Wer da alles kam? «Sicher gibt es viele erfahrene Chorsänger unter uns, zum Teil aus den besten Chören! Aber eigentlich darf jeder mitkrächzen – und Noten lesen, das kann man lernen!» Zum Beispiel bei Ortrud Kegel, neben Bernhard König und der Jazzsängerin und Gesangspädagogin Alexandra Naumann eine der drei Gründungspersönlichkeiten aus den Kölner Anfangsjahren. An der Kölner Musikhochschule – dem biographischen Treff-Ort des Trios – klassisch ausgebildet als Flötistin, hat es die heute Vierundfünfzigjährige sehr früh zur Neuen Musik, zu Improvisation und Experiment gezogen. «Ich bin bei den Alten Stimmen vor allem für die Klang­experimente zuständig. Und für die Improvisationen. Allerdings: allzu durchgeplant darf man sich unsere Arbeit ohnehin nicht vorstellen. Anfangs hat der Chor immer wieder etwas beunruhigt gefragt: ‹Was machen wir denn damit?› – ‹ Was wird am Ende daraus?› Das hat viel mit Vertrauen (und Erfahrung!) zu tun – den Raum zu öffnen, Intensität aufzubauen. Es kommt dann ganz sicher etwas Gutes dabei heraus!»
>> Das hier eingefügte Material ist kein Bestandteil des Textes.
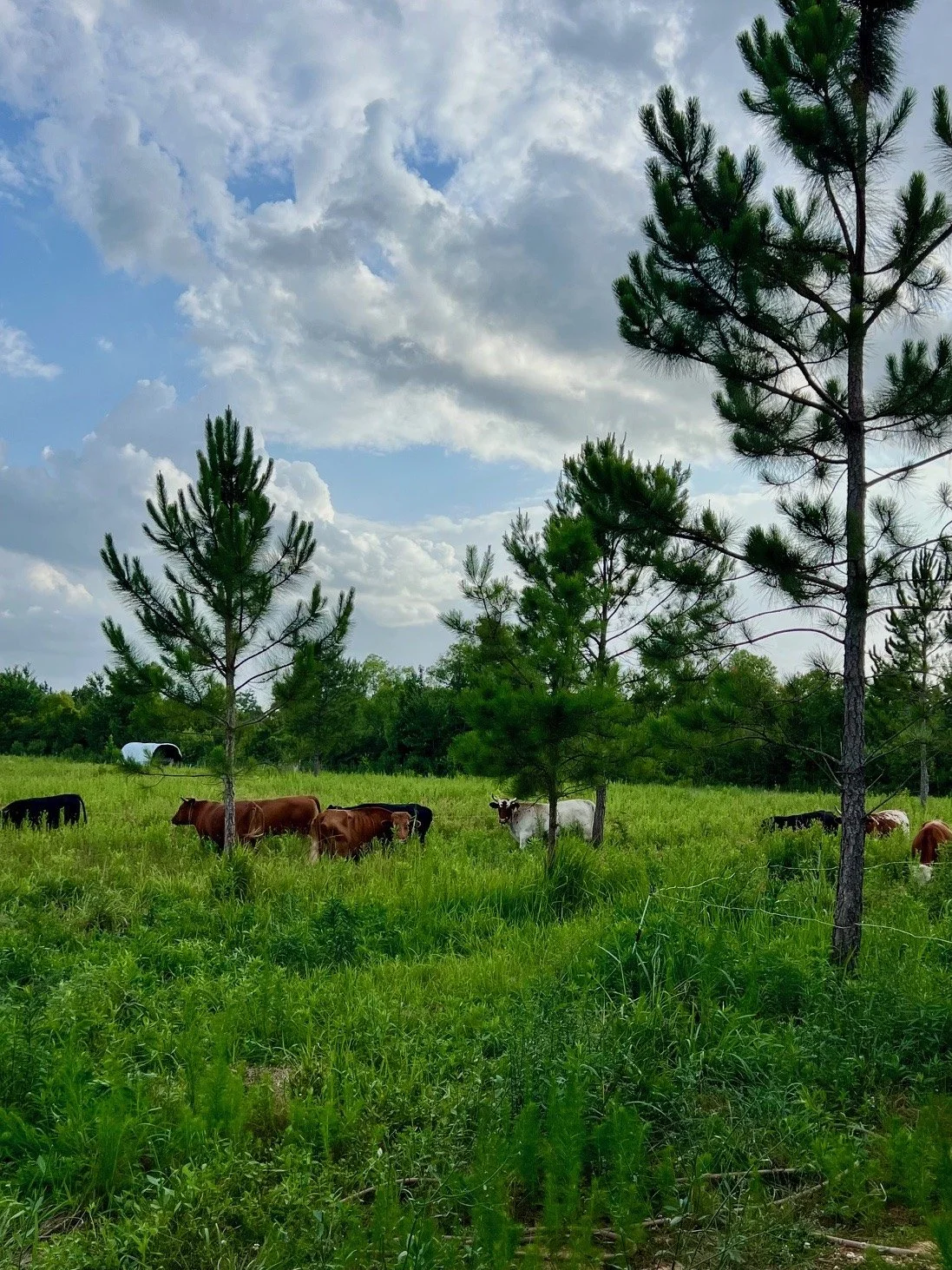 Cattle House Field June 2025.jpg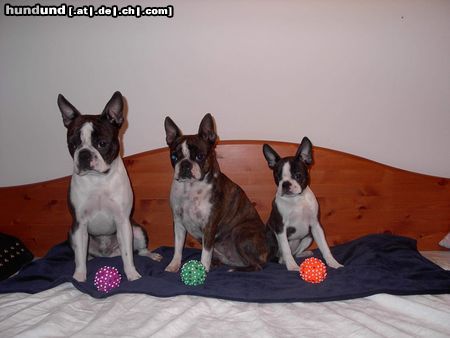 Boston Terrier Neue Spielbälle für Snoopy, Gipsy und Nelly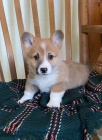 Ohromuj�c� �t��ata Pembroke Corgi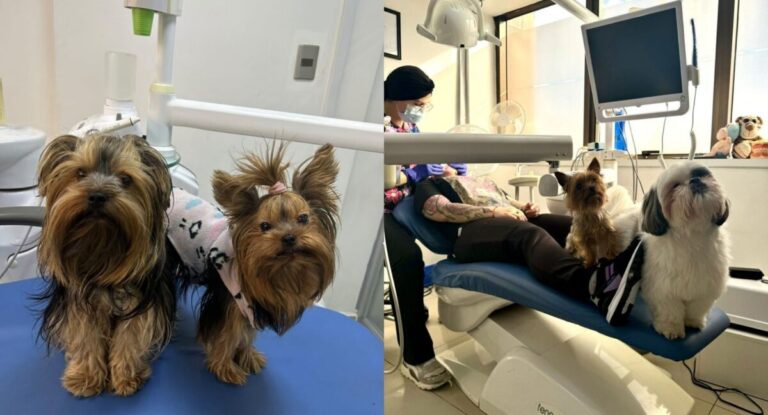 Zeus, Chloe y Santi: Los perros que “trabajan” ayudando a enfrentar el miedo al dentista en clínica de Concepción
Nicht zuletzt deshalb, weil, wie die siebenundvierzigjährige Alexandra Naumann mit Nachdruck bemerkt, «es nicht egal ist, ob der Ton schief ist. Daran muss man arbeiten. Überhaupt ist uns allen wichtig, dass wir am Ende auf der Bühne stehen werden und dem Ganzen diesen Rahmen geben.» So ist die in der deutschen Jazzszene bekannte Sängerin insbesondere für die Stimmbildung der Choristen zuständig. Doch sie weist darüber hinaus auf den anderen, ebenso wesentlichen Aspekt ihrer Arbeit hin: «Uns alle verbindet das große Interesse am Menschen. Wir haben sehr viel Respekt vor seiner Einzigartigkeit, seinen ungeheuren Aus­drucksmöglichkeiten. In diesem Sinne ist jeder Mensch ein Werk für sich!»

Und wie «klingt» die Zusammenarbeit?

«Die Alten Stimmen geben dir eine gigantische Energie. Sie haben so viel Lust und Kreativität!» – «Was unsere Chorleiter auszeichnet, ist Empathie und Achtsamkeit!» – «Sie haben die ungewöhnliche Fähigkeit, sich auf alles Neue einzulassen – als Saad zum ersten Mal die orientalischen Klänge seiner Heimat in den Chor brachte, dauerte es keine halbe Stunde, bis der Funke übergesprungen war!» Saad Thamir, vor einundvierzig Jahren im Irak geboren, als Komponist und Musiker geschult im Orient und Okzident und seit einem Jahr der Vierte im kreativen Bunde, bringt es so auf den Punkt: «Wenn die Musiker auf der Bühne begeistert sind von dem, was sie machen, wenn sie daran glauben, dann klingt es, egal ob man mit Profis oder Amateuren arbeitet!»
Der Experimentalchor Alte Stimmen: «Ein Ort, an dem Menschen zusammenkommen, die einander sonst nicht begegnet wären und die sich auf eine Abenteuerreise begeben, deren Route unbekannt ist!»